Rakyan menambahkan, solusi lain ialah memaksimalkan layanan lapas, seperti menyiapkan penyuluh agama dan menempatkannya cukup intens untuk kebutuhan rohani napi. Ini untuk mencegah para napi ”lari” ke napi teroris yang dianggap merupakan solusi untuk menjawab kebutuhan akan bimbingan agama.
Terpapar
Adapun AW (39) ditangkap Detasemen Khusus (Densus) 88 Antiteror Polri karena kerap mengunggah gambar dan video propaganda Negara Islam di Irak Suriah (NIIS) di media sosial. Hal itu diungkapkan Kepala Biro Penerangan Masyarakat Divisi Humas Mabes Polri Brigadir Jenderal (Pol) Ahmad Ramadhan pada Minggu (22/1/2023).
HUMAS PEMKAB LAMONGAN
Sebanyak 31 mantan kombatan dan eks narapidana terorisme juga keluarga eks teroris yang tergabung dalam Laskar Perdamaian pada peringatan Kemerdekaan Ke-73 RI, Jumat (17/8/2018), di Alun alun Lamongan menjadi pasukan kehormatan.
Ramadhan mengatakan, AW juga kerap mengunggah seruan provokatif untuk melakukan aksi teror. Selain itu, AW juga memiliki keinginan melakukan aksi teror dengan menggunakan bahan peledak. Barang bukti yang turut diamankan dalam penangkapan itu adalah dua bom rakitan yang sudah jadi berikut bahan-bahannya.
Kepala Divisi Humas Polri Irjen Dedi Prasetyo, Kamis (25/1/2023), membenarkan bahwa AW merupakan eks napi narkoba. Dedi mengatakan, AW terpapar paham ekstrem dari napi terorisme saat ditahan di Lapas Nusakambangan. Ia menyebut, AW telah berbaiat atau mengucap sumpah setia kepada NIIS.

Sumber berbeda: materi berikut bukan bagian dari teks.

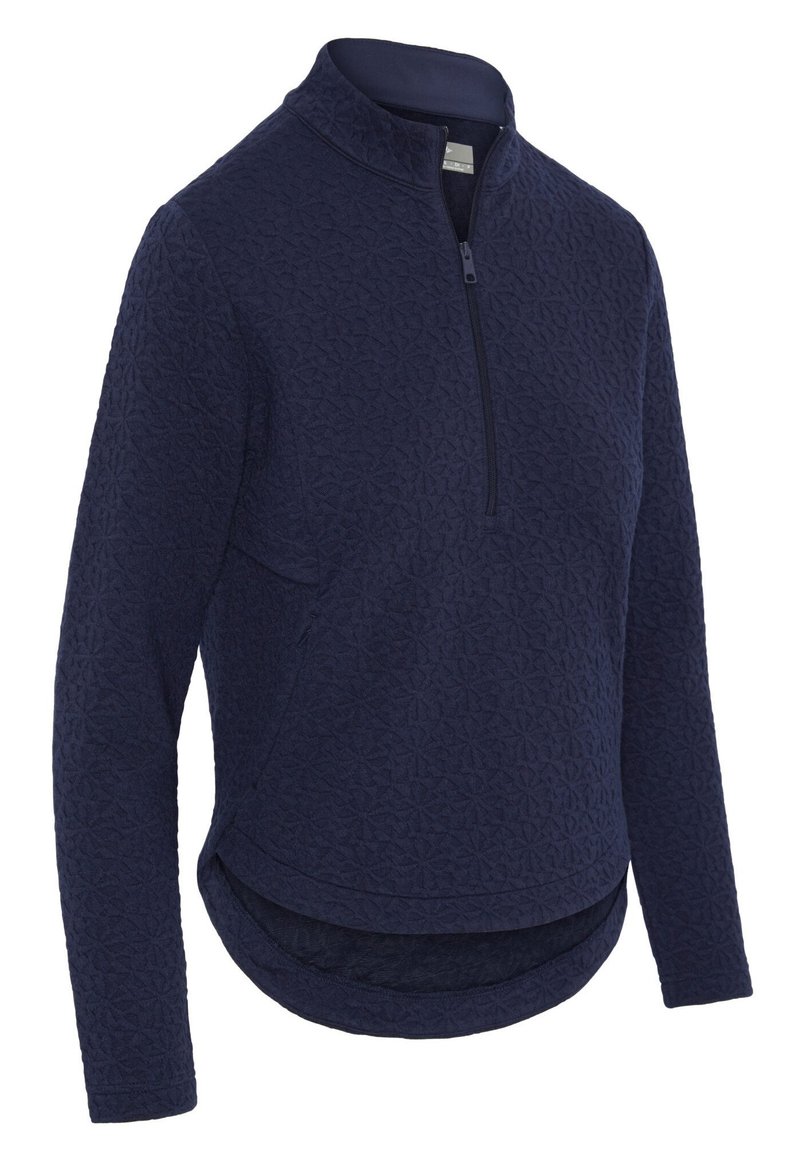 Callaway 1/2 Zip Quilted Knit sweatshirt femme, peacoat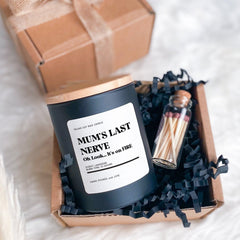 Funny scented soy wax candle gift set for mum Mum's last nerve Oh look... It's on fire Mother's Day Christmas Birthday first gift for mummy happyinky
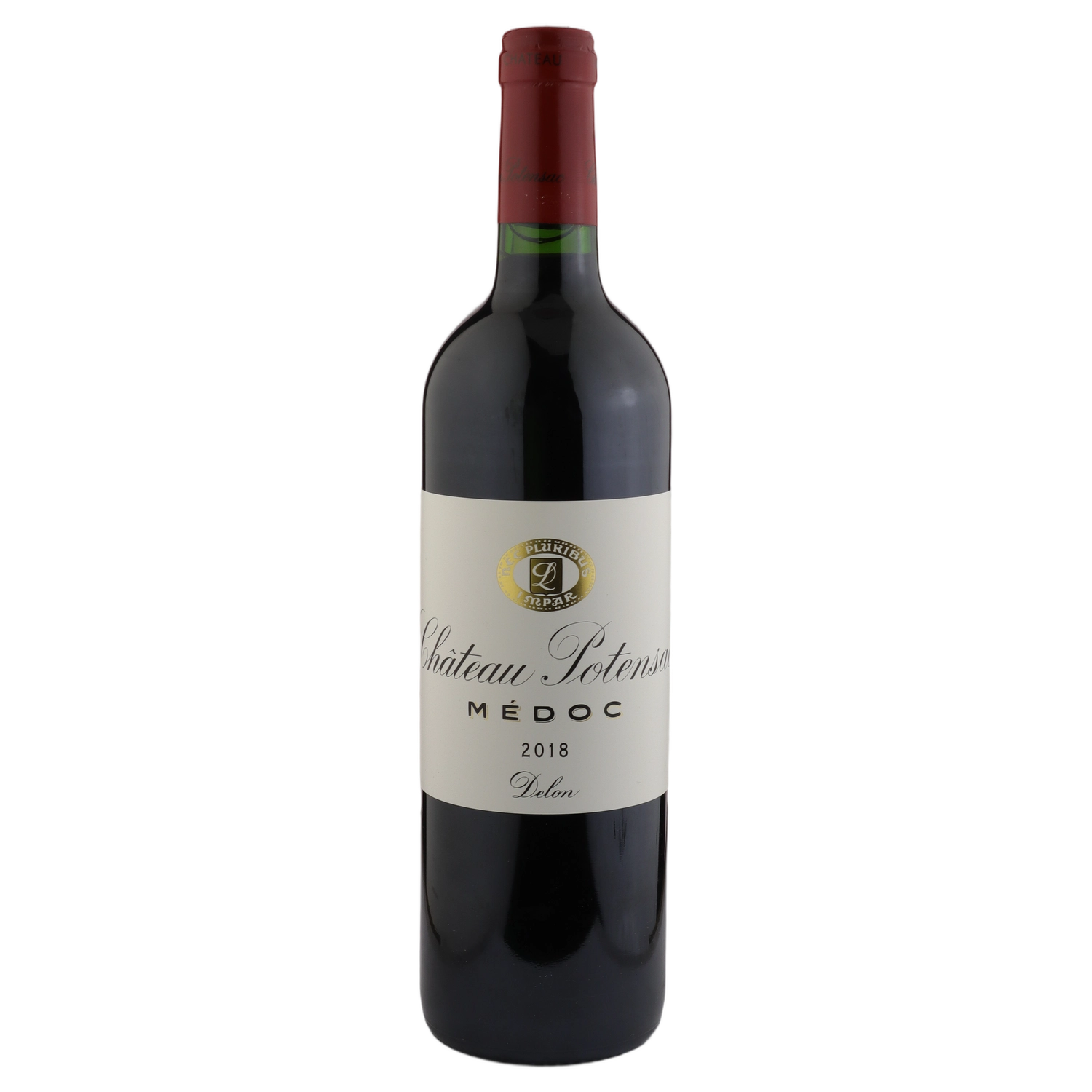A bottle of 2018 Chateau Potensac 750ml Red Wine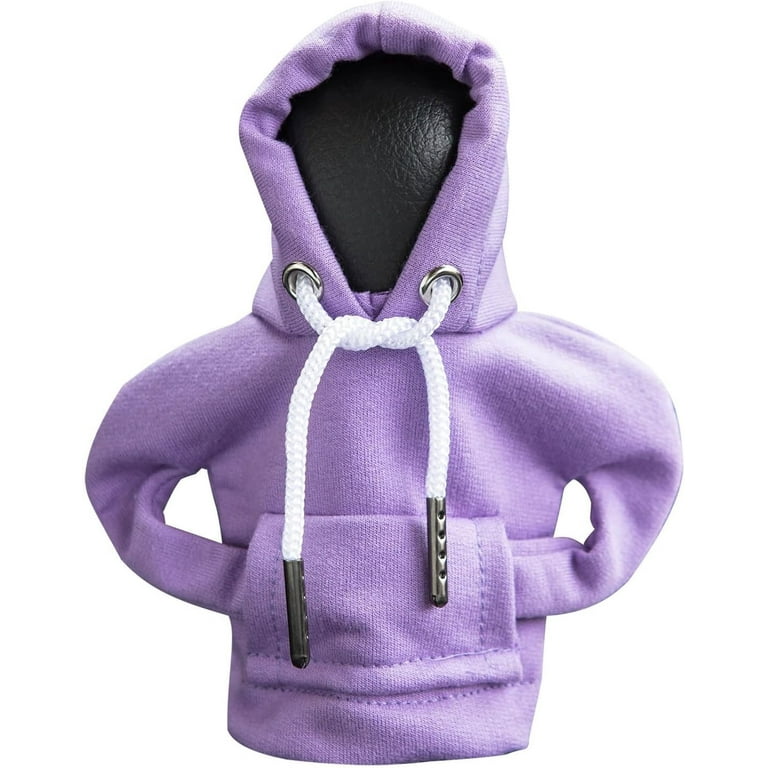 DADHOT Car Shift Knob Hoodie,Gear Shift Hoodie,Gear Level Protector Cover,Automotive  Car Interior Accessories,Vehicle Accessories for Man and Woman,Funny  Sweater Hoodie for Decoration （Purple） 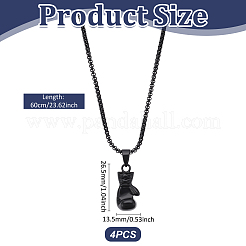 4Pcs Alloy Boxing Gloves Pendant Necklaces&nbsp;NJEW-UN0001-63EB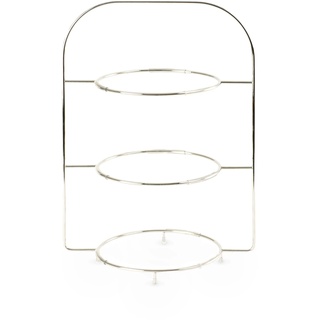 Villeroy & Boch Premium – Etagere Anmut 3-Stöckig, Gestell Für Teller, Kombinierbar Mit Speisetellern, Für Buffet, Brunch, Obst Oder Süßigkeiten, Anrichten, Frühstücksetagere, 3 Etagen, Edelstahl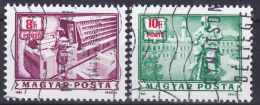 HONGARIJE - Michel - 1973 - Nr 250/51 - Gest/Obl/Us - Port Dû (Taxe)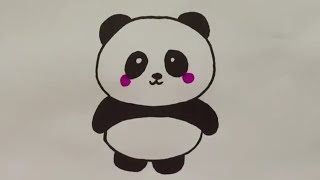 Как нарисовать милую панду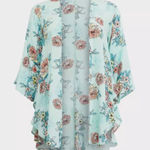 Torrid  Sz 1/2 Floral Kimono Cardigan Photo 0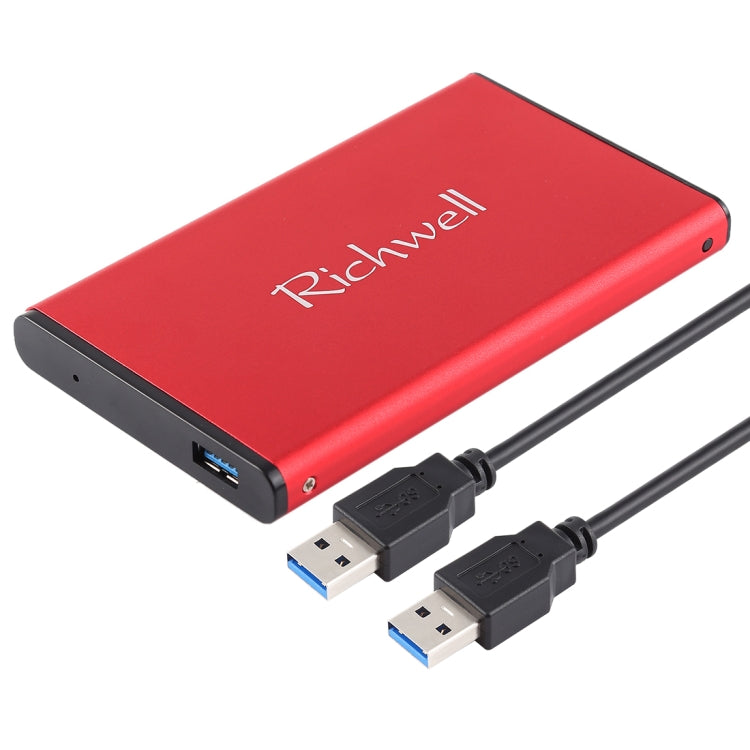 Richwell SATA R2-SATA-500GB 500GB 2.5 inch USB3.0 Super Speed Interface Mobile Hard Disk Drive(Red) - free shipping - PMC Jewellery - Order now!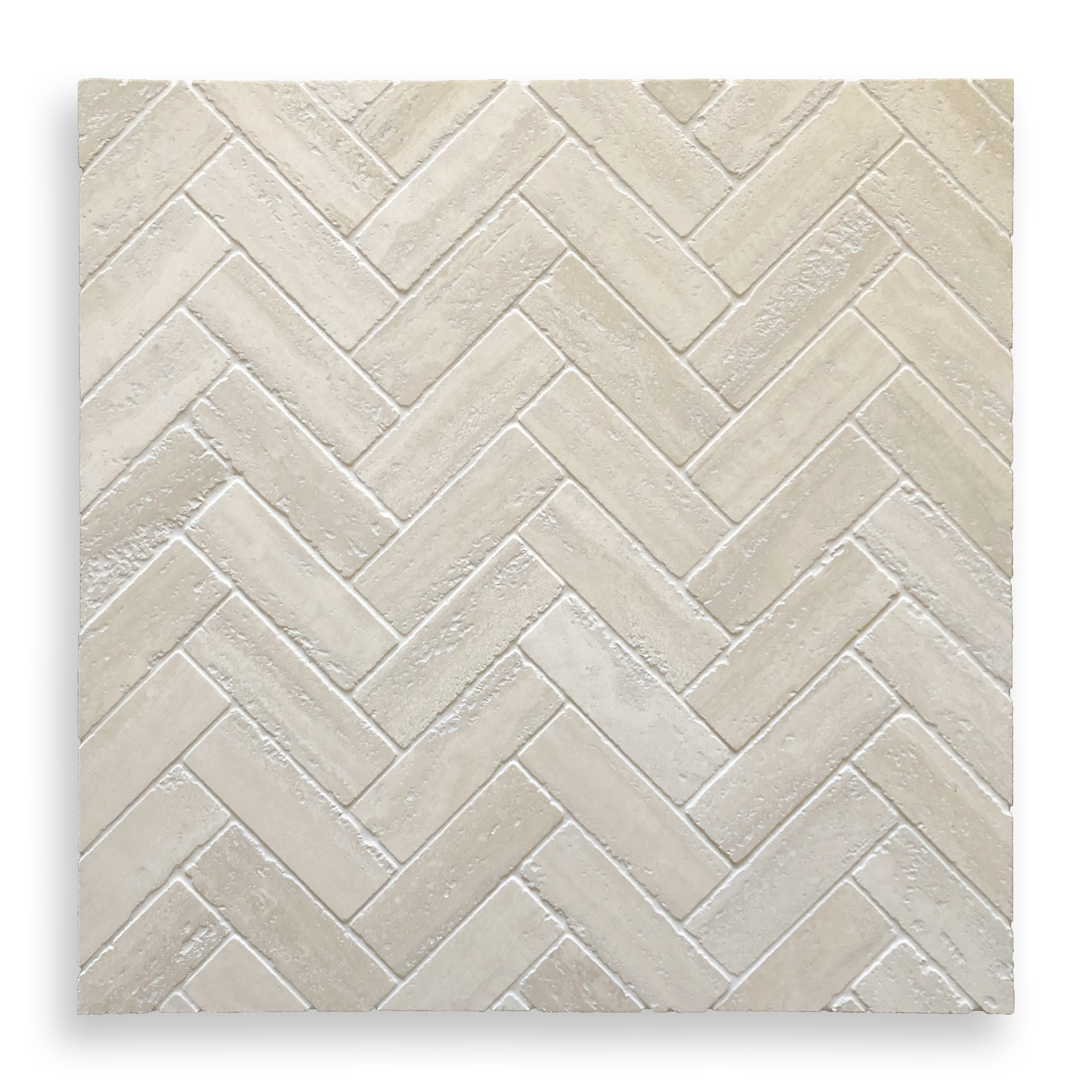 BALMAIN TRAVERTINE CLASSIC TUMBLED NATURAL STONE HERRINGBONE MOSAIC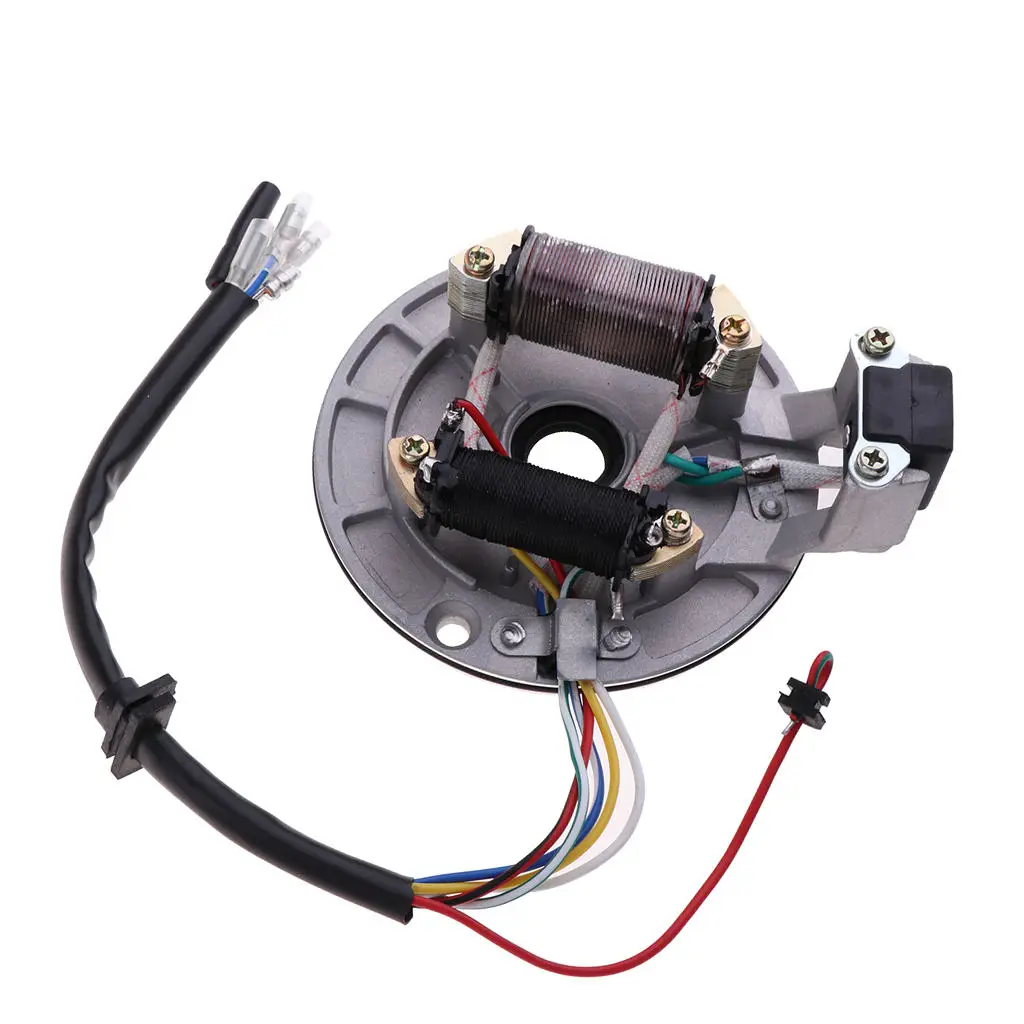 

2 Coils Ignition Stator Magneto Plate for 110cc ATV Quad Dirt Bike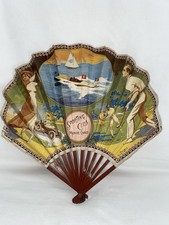 Éventail publicitaire ancien Sporting Club Monte Carlo / L. Mourgues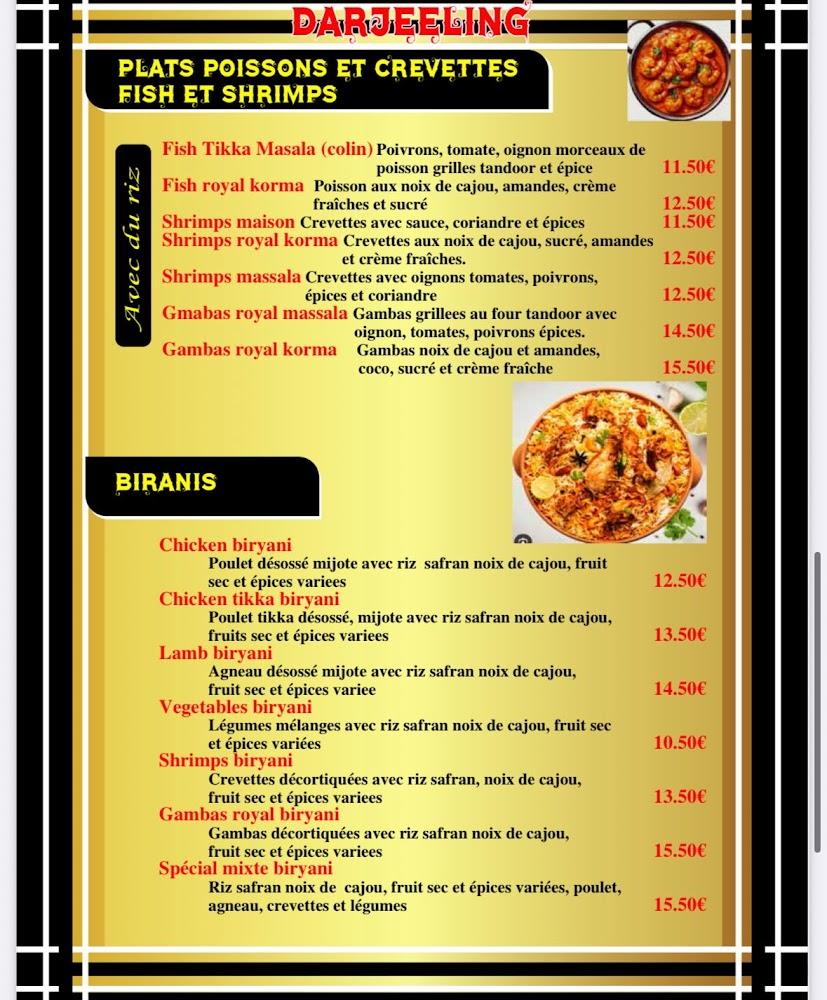 DARJEELING - Menu Image 1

”Kasus ini sedang kami kembangkan, masih didalami oleh penyidik. Nanti kami lihat keterkaitannya dengan peristiwa bom Astanaanyar, Bandung, dan dengan tersangka terorisme di Jakarta Utara, Jakarta Selatan, dan Tangerang,” kata Dedi, di Jakarta.
Sementara itu, Kepala Bagian Bantuan Operasi Densus 88 Kombes Aswin Siregar menuturkan, AW berbaiat ke NIIS dan masuk kelompok Anshorut Daulah (AD). Ia juga mengatakan, AW direkrut oleh salah satu jaringan JAD yang sama-sama tahanan di Lapas Nusakambangan.
Adapun terkait pengawasan di lapas dan luar lapas, Dedi mengatakan, Densus 88 telah bekerja sama dengan Direktorat Jenderal Pemasyarakatan. Kerja sama dilakukan saat deradikalisasi maupun saat ada indikasi penyebaran paham terorisme. Itu merupakan bentuk preventive strike (pencegahan secara tegas) terhadap para terduga pelaku terorisme.
”Dari kerja sama itu, kami mendapatkan informasi bahwa ada eks napi narkoba berbaiat ke NIIS karena terpapar saat di lapas. Jadi, penangkapan AW pun tak lepas dari pemantauan Densus 88 tersebut," kata Dedi.
Ia juga memastikan, kerja sama terus akan dimaksimalkan demi mencegah terorisme yang merupakan ancaman serius. Upaya pencegahan juga dilakukan Polri untuk memastikan seluruh rangkaian Pemilihan Umum 2024 berjalan aman, lancar, dan tanpa gangguan.